As a young woman, Amélie is a waitress in The Two Windmills, which is a small Montmartre café, run by a former circus performer. The café is staffed and frequented by a collection of eccentrics.
At age 23, having spurned romantic relationships following a few disappointing efforts, Amélie finds contentment in simple pleasures, such as dipping her hand into sacks of grain, cracking crème brûlée with a teaspoon, skipping stones across St. Martin’s Canal, guessing how many couples in Paris are having an orgasm at one moment, and letting her imagination roam free.

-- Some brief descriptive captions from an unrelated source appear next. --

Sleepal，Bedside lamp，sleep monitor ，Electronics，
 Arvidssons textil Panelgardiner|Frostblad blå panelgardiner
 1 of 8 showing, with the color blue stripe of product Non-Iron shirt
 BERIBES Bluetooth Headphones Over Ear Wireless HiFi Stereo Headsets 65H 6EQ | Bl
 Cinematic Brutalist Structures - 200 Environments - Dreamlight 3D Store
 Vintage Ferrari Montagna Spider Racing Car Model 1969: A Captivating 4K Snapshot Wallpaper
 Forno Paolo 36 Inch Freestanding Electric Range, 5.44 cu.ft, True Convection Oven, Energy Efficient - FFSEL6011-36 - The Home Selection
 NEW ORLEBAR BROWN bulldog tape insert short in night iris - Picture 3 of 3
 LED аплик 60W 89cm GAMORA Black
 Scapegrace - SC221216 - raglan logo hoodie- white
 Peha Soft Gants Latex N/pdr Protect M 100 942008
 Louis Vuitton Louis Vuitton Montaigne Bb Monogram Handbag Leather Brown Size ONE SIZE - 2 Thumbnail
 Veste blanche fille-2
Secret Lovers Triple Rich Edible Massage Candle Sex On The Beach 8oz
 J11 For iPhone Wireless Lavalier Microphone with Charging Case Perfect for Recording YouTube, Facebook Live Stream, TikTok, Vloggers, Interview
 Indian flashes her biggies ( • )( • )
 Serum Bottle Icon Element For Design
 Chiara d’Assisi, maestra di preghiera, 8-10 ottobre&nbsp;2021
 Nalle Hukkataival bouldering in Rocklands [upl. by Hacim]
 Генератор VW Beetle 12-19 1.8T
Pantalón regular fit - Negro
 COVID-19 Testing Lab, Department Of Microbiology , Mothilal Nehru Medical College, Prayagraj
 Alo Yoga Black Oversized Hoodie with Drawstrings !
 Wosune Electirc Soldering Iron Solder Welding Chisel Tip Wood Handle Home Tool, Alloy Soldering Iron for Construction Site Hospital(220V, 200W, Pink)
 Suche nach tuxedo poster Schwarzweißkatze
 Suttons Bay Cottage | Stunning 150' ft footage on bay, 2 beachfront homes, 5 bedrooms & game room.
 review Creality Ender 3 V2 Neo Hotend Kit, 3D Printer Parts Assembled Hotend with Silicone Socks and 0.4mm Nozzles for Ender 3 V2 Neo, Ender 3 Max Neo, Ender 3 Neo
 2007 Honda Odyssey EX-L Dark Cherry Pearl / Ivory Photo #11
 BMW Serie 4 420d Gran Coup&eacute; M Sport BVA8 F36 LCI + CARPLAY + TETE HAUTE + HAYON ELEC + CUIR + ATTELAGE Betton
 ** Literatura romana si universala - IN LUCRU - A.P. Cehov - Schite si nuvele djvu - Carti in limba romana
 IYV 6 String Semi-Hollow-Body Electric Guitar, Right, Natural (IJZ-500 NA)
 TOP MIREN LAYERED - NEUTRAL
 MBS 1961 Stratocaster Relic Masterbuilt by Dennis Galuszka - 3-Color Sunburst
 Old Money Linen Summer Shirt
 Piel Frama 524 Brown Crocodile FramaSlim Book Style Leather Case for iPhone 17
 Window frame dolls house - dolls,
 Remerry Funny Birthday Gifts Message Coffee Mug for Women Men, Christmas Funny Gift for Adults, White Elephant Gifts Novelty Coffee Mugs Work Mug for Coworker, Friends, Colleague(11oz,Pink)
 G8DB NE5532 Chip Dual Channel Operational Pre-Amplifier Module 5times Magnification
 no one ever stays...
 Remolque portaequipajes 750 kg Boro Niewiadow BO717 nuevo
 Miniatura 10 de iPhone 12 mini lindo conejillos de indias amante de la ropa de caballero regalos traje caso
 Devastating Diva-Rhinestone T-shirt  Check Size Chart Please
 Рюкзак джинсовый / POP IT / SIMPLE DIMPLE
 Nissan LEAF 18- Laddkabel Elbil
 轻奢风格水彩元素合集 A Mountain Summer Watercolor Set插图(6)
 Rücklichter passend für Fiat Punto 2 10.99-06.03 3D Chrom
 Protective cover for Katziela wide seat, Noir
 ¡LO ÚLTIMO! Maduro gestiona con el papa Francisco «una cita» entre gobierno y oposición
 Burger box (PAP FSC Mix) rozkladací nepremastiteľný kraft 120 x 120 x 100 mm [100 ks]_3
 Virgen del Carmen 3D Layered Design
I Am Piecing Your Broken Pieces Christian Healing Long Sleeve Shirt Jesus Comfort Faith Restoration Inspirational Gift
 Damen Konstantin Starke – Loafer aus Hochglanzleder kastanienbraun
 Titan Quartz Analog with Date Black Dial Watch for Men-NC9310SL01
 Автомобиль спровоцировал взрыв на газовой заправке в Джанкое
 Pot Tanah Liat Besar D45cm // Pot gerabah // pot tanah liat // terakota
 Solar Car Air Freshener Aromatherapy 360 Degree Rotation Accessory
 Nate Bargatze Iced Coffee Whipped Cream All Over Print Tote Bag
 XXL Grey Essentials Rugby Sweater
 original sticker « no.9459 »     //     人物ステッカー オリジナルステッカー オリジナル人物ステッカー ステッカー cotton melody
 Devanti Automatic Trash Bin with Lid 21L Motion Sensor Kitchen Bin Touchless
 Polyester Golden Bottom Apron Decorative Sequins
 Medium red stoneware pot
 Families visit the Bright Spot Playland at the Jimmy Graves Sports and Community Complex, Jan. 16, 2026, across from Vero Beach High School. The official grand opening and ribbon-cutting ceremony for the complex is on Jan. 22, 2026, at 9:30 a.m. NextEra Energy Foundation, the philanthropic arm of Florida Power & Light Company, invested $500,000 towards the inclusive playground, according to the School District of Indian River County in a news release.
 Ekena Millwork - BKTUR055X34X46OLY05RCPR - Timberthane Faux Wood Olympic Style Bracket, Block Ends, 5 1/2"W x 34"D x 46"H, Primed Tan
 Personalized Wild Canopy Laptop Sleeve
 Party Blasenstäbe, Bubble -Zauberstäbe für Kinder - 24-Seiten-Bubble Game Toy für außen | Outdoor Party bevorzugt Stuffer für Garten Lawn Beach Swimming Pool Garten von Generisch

On August 31, 1997, Amélie, shocked upon hearing the news of Princess Diana’s death on television, drops a bottle cap, which loosens a bathroom wall tile. Behind the loose tile, she finds an old metal box of childhood memorabilia hidden by a boy who lived in her apartment decades earlier. Fascinated by this find, she resolves to track down the now adult man who placed it there and return it to him, making a deal with herself in the process: if she finds him and it makes him happy, she will devote her life to bringing happiness to others.
Amélie meets her reclusive neighbour, Raymond Dufayel, a painter who continually repaints Luncheon of the Boating Party by Pierre-Auguste Renoir. He is known as ‘the Glass Man’ because of his brittle bone condition. With his help, she tracks down the former occupant, and places the box in a phone booth, ringing the number as he passes to lure him there. Upon opening the box, the man, moved to tears, has an epiphany as long-forgotten childhood memories come flooding back. He then finds his way into the same bar as Amelie and vows to reconcile with his estranged family. On seeing the positive effect she had on him, she resolves from that moment on to do good in the lives of others.